When Rocky saw the paper in front of his face, he sniffed it, then gazed up at Totto- chan.

"You're impressed, aren't you?" said Totto-chan. "But it's full of difficult words so you probably can't read all of it."

Rocky tilted his head as if he was having another good look at the card. Then he licked Totto-chan's hand.

"Good," she said with satisfaction, getting up. “Now I'll go and show it to Mother.” After Totto-chan had gone, Rocky got up and found himself a cooler spot. Then he let himself down again slowly, and closed his eyes. It wasn't only Totto-chan who would have said that the way his eyes were closed it really seemed as if he was thinking about that report card.

Summer Vacation Begins

"We are going camping tomorrow. Please come to the school in the evening with blankets and pajamas," said the note from the headmaster that Totto-chan took home and showed to Mother. Summer vacation began the following day.

"What does camping mean?" asked Totto-chan.

Mother was wondering, too, but she replied, "Doesn't it mean you're probably going to put up tents somewhere outdoors and sleep in them? Sleeping in a tent you can see the moon and the stars. I wonder where they'll set up the tents. There's no mention of fares so it's probably somewhere near the school."

That night, after Totto-chan had gone to bed, she couldn't get to sleep for ages. The idea of going camping sounded rather scary--a tremendous adventure-and her heart beat very fast.
The following morning she started packing as soon as she woke up. But that evening, as her blanket was placed on top of the knapsack that held her pajamas and she said goodbye and set off, she felt very small and frightened.

When the children were gathered at the school, the headmaster said, "Now then, all of you, come to the Assembly Hall." When they got there he went up onto the small stage carrying something stiff and starchy.
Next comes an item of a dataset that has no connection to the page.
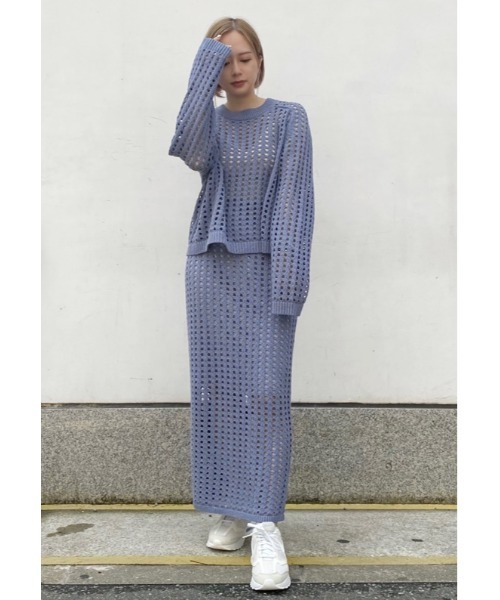 emmi atelier - 【2点セット】メッシュニットプルオーバー/ブラカップリブキャミソール emmi（エミ）の「【emmi atelier】メッシュニットプルオーバー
It was a green tent.

"I'm going to show you how to pitch a tent," he said, spreading it out. "Please watch carefully.”

All alone, puffing and blowing, he pulled ropes this way and set up poles that way, and before you could say "Jack Robinson," there stood a beautiful tent!

"Come on, then," he said. "Now you're going to set up tents all over the Assembly Hall and start camping."

Mother imagined, as anyone would have, that they would put up the tents outdoors, but the head-master had other ideas. In the Assembly Hall the children would be all right even if it rained in the night or got a bit cold.

With delighted shouts of “We're camping, we're camping!” the children divided into groups, and, with the help of the teachers, they finally managed to set up the required number of tents. One tent could sleep about three children. Totto-chan quickly got into her pajamas, and soon children were happily crawling in and out of this tent and that one. There was much visiting to and fro.

When everyone was in pajamas, the headmaster sat down in the middle where they could all see him and talked to them about his travels abroad.

Some of the children lay in their tents with just their heads showing, while others sat up properly, and some lay with their heads on older children's laps, all listening to his tales of foreign countries they had never seen and sometimes never even heard of.

The headmaster's stories were fascinating, and at times they felt as if the children described in lands across the sea were friends.

And so it happened that this simple event--sleeping in tents in the Assembly Hall-- became for the children a happy and valuable experience they would never forget. The headmaster certainly knew how to make children happy.

When the headmaster finished speaking and the light in the Assembly Hall had been turned out, all the children went into their own tents. Laughter could be heard from some; whispers from others; while from a tent at the far end came the sound of a scuffle. Gradually silence fell.

It was camping without any moon or stars, but the children enjoyed it thoroughly. To them that little Assembly Hall seemed like a real camping ground, and memory wrapped that night in moonbeams and starlight forever.

The Great Adventure

Two days after they camped in the Assembly Hall, the day of Totto-chan's great adventure finally came to pass. It was the day of her appointment with Yasuaki-chan. And it was a secret that neither Mother nor Daddy nor Yasuaki-chan's parents knew. She had invited Yasuaki-chan to her tree.

The students at Tomoe each had a tree in the school grounds they considered their own climbing tree. Totto-chan's tree was at the edge of the grounds near the fence beside the lane leading to Kuhonbutsu. It was a large tree and slippery to climb, but if you climbed it skillfully you could get to a fork about six feet from the ground. The fork was as comfortable as a hammock. Totto-chan used to go there during recess and after school and sit and look off into the distance or up at the sky, or watch the people going by below.

The children considered "their" trees their own private property, so if you wanted to climb someone else's tree you had to ask their permission very politely, saying, "Excuse me, may I come in!"

Because Yasuaki-chan had had polio he had never climbed a tree, and couldn't claim one as his own. That's why Totto-chan decided to invite him to her tree. They kept it a secret because they thought people were sure to make a fuss if they knew.

When she left home, Totto-chan told her mother she was going to visit Yasuaki-chan at his home in Denenchofu. She was telling a lie, so she tried not to look at Mother but kept her eyes on her shoelaces. But Rocky followed her to the station, so when they parted company, she told him the truth.

"I'm going to let Yasuaki-chan climb my tree!" she said.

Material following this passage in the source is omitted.